Mailing List Archive

crash in process_lingering_close
I noticed a crash in process_lingering_close

The crash happens here:

#0 0x00007f5d4af33b28 in apr_socket_timeout_set (sock=sock@entry=0x0, t=t@entry=2000000) at network_io/unix/sockopt.c:86
stat = <optimized out>
#1 0x00000000004706a4 in process_lingering_close (cs=0x7f5c88000ed0) at event.c:1466
csd = 0x0
dummybuf = '\000' <repeats 30216 times>...
nbytes = 0
rv = <optimized out>
q = <optimized out>
#2 0x000000000047154b in worker_thread (thd=0x1a31480, dummy=<optimized out>) at event.c:2142
csd = 0x7f5c88000cd0
cs = 0x0
te = 0x0
ptrans = 0x7f5c88000c58
ti = <optimized out>
process_slot = 3
thread_slot = 1
rv = 0
is_idle = 0
#3 0x00007f5d4a48015a in start_thread () from /lib64/libpthread.so.0
No symbol table info available.
#4 0x00007f5d49fadf73 in clone () from /lib64/libc.so.6


The reason is that in this case a third party module that has hooked into the pre_connection hook returns an error which causes
the hook to stop running.
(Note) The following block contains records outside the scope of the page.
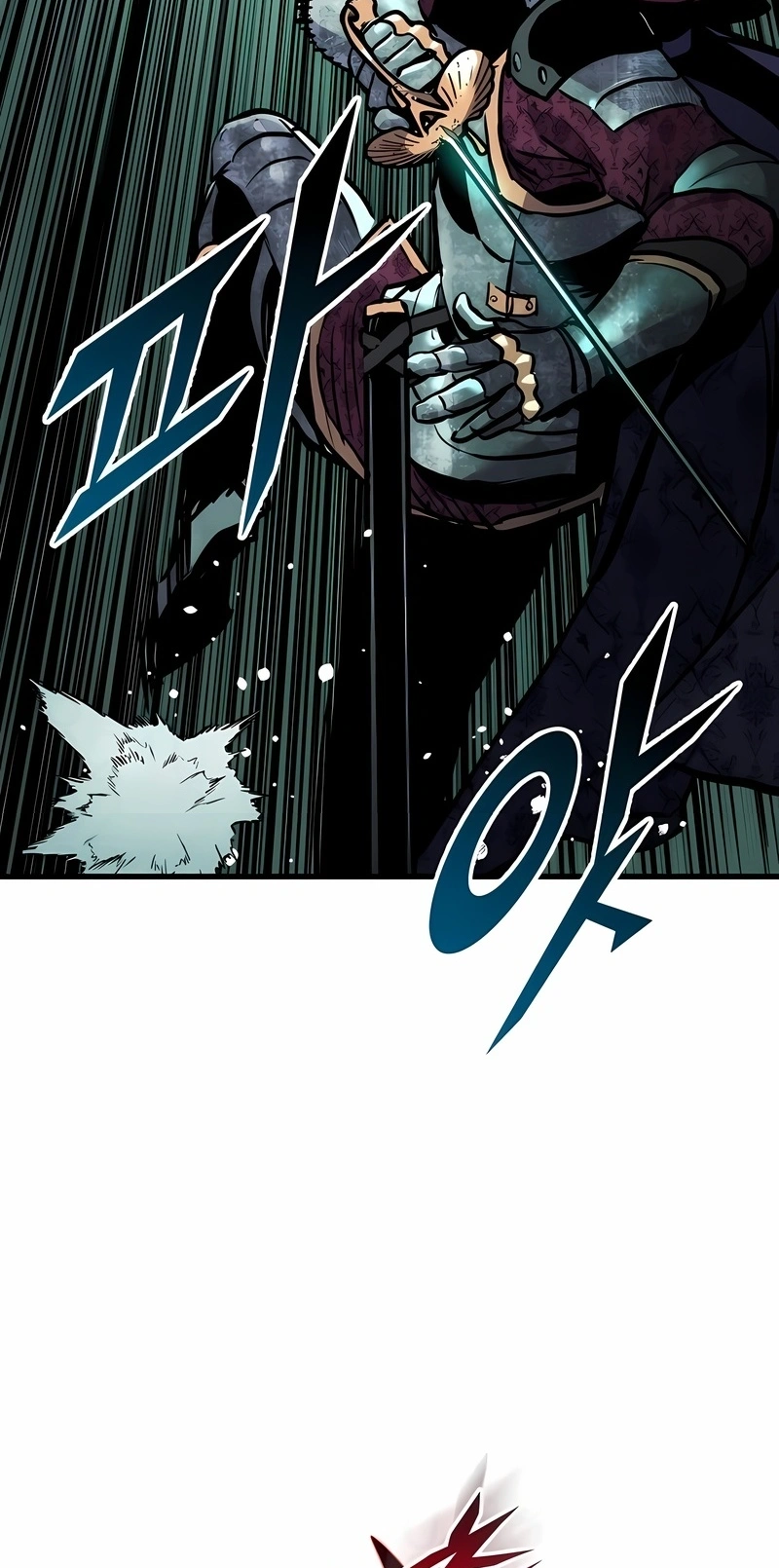 Read Como Sobreviver Sendo Um Cavaleiro Renegado PT Manga Online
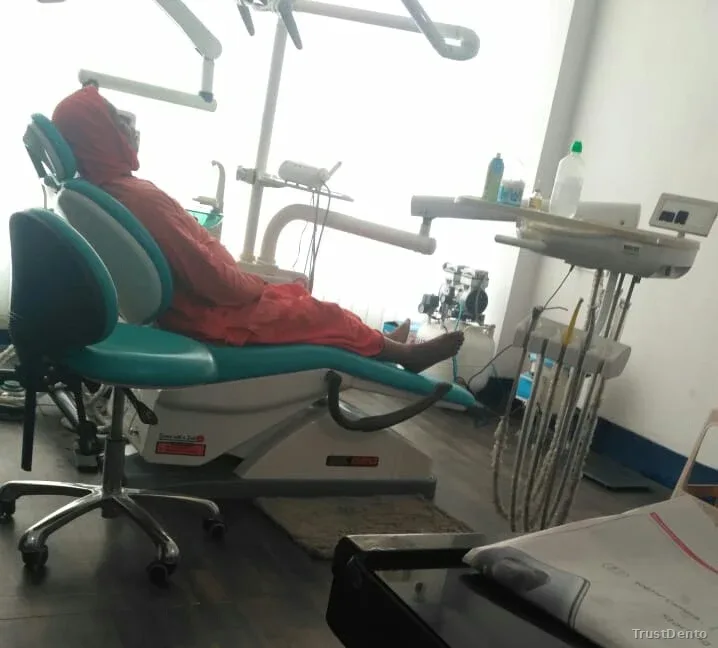 Dr. Anand photo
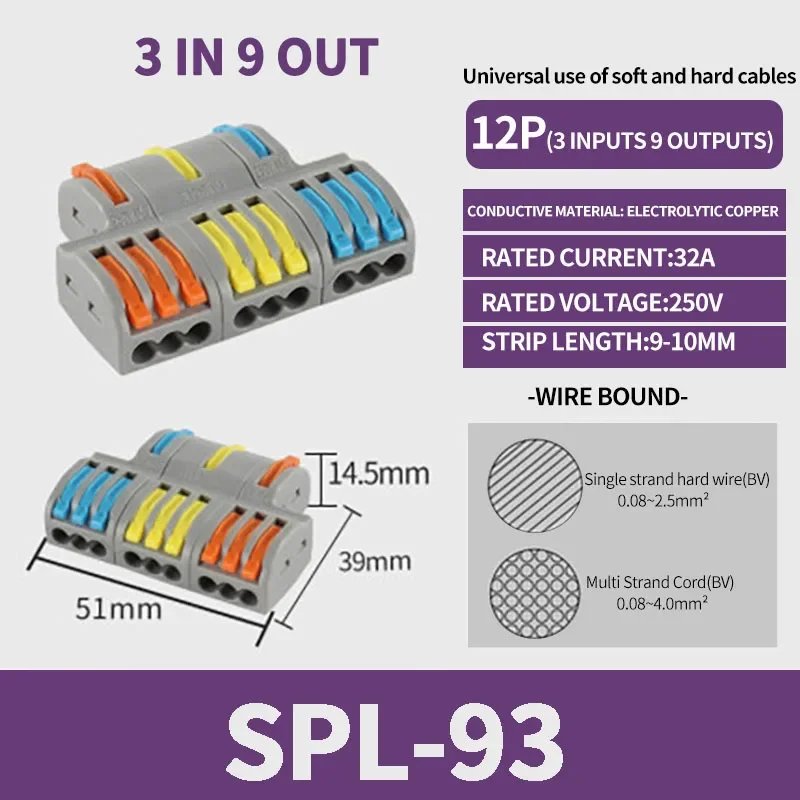 SPL-93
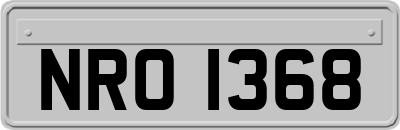 NRO1368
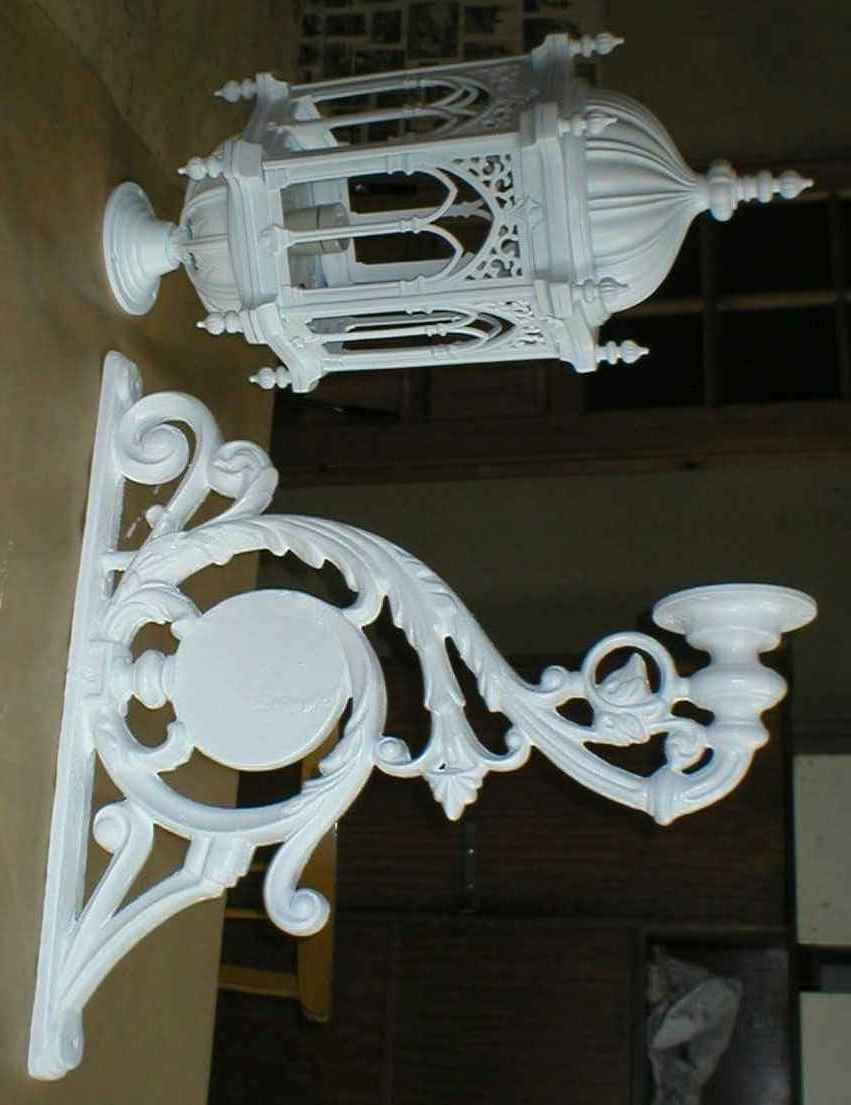 Odlewnia Aluminium SOBOWIDZ - odlewy aluminiowe, odlewy z aluminium Gdańsk - zdjęcie 10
This prevents core_pre_connection from running which is APR_HOOK_REALLY_LAST.
Hence the socket is not set into c->conn_config and hence ap_get_conn_socket returns NULL.
The quick fix that prevents that from happening is

Index: server/mpm/event/event.c
===================================================================
--- server/mpm/event/event.c (revision 1893352)
+++ server/mpm/event/event.c (working copy)
@@ -1040,6 +1040,16 @@
ap_log_cerror(APLOG_MARK, APLOG_DEBUG, 0, c, APLOGNO(00469)
"process_socket: connection aborted");
c->aborted = 1;
+ /*
+ * In case we errored, the pre_connection hook of the core
+ * module maybe did not run (it is APR_HOOK_REALLY_LAST) and
+ * hence the socket might not have been set in c->conn_config
+ * and the lingering close process cannot fetch it from there
+ * via ap_get_conn_socket. Hence set it in this case.
+ */
+ if (!ap_get_conn_socket(c)) {
+ ap_set_core_module_config(c->conn_config, sock);
+ }
}

/**


But I think it is incomplete. I think we should do all that core_pre_connection does.
We cannot call it from event.c as it is a static in core.c. If we agree that we want to execute what it does I see two ways forward:

1. Make core_pre_connection part of the public API and have the pre_connection hook of core just call it.
2. Create a wrapper around ap_run_pre_connection as a public API and if ap_run_pre_connection returns != OK && != DONE do
things like setting c->aborted to 1 and call core_pre_connection or do a subset of it.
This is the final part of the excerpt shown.